Everyone knows that fantasy novels have maps. Maps are important. With a map you can trace the travels of your heroes as they trek through trackless wastes, over snow-swept mountains, through deadly swamps and... etc., etc.
So there you are. You've just bought the latest fantasy trilogy as an ebook. And you're congratulating yourself on how light and slim your ebook reader is compared to the mighty tome you would normally have to hold up with your feeble, geekish wrists. And your heroes are surrounded by man-eating octopoids in the Swamps of Despair, scant leagues from the safety of the Tower of Hope. And you turn to the map, to see exactly where the Tower of Hope *is* in relation to the Swamps of Despair, and whether our doughty band will be ambushed on the way by the army of the Lord of Doom which is marching down from the Crepuscular Mountains...

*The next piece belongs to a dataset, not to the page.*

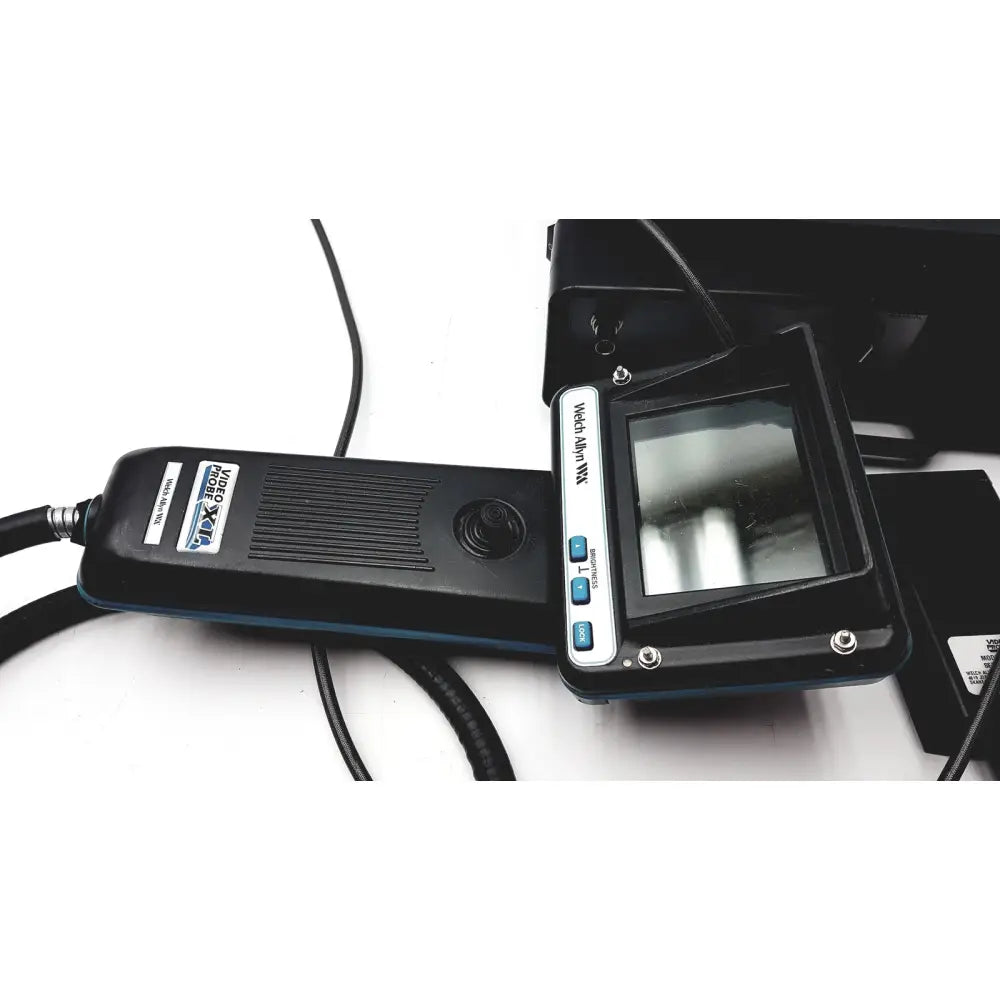 Black and silver handheld xl240lsa video probe with small screen labeled videotek for inspection use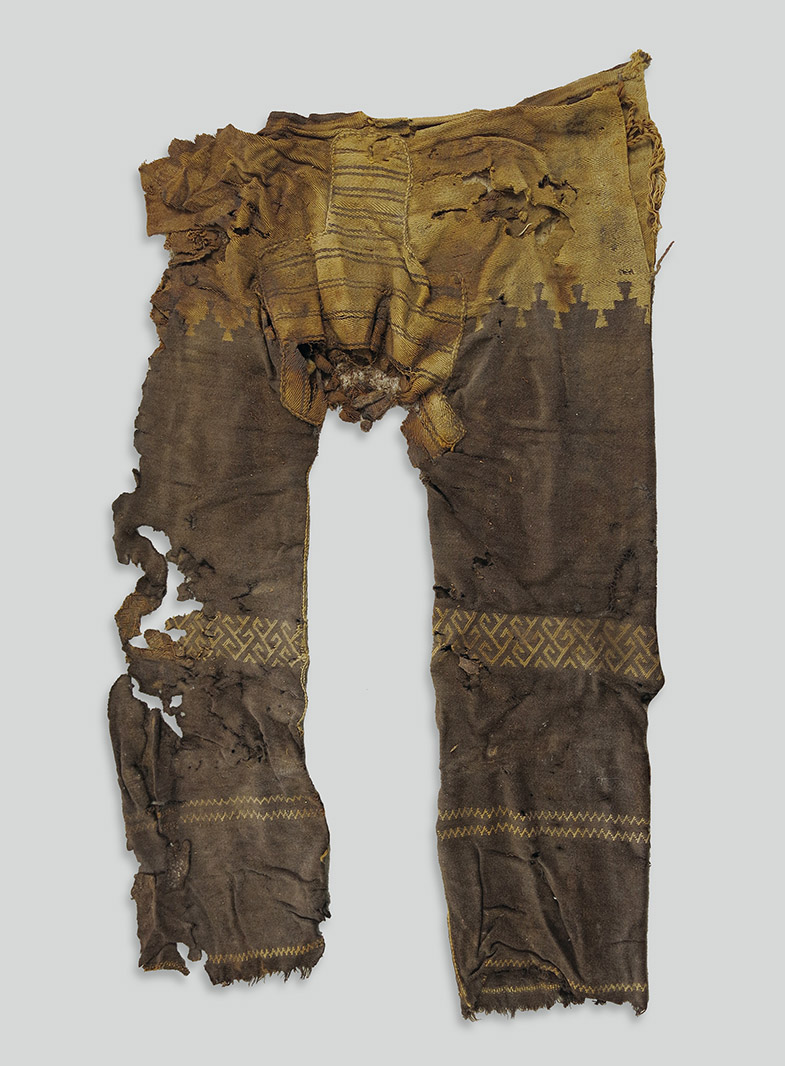 Alte, stark beschädigte Hose mit geometrischen Mustern und sichtbaren Löchern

And the map is the size of a postage stamp. In the paper book it was a lovely double-page spread, with curly edges and sailing ships and sea monsters and the names of a dozen nations and two-score cities lovingly rendered in gorgeous calligraphy. But on your ebook reader it's a tiny rectangle about 2cm by 3cm, in which you can just about make out the coastline, and what might be some mountains, and many indecipherable blobs and scratchings which could be writing but you'll never know for sure.
Come on publishers, don't just run your novels through an automatic conversion program that produces graphics for the tiniest screen imaginable. Think about who your readers are, and what they're reading your ebooks on!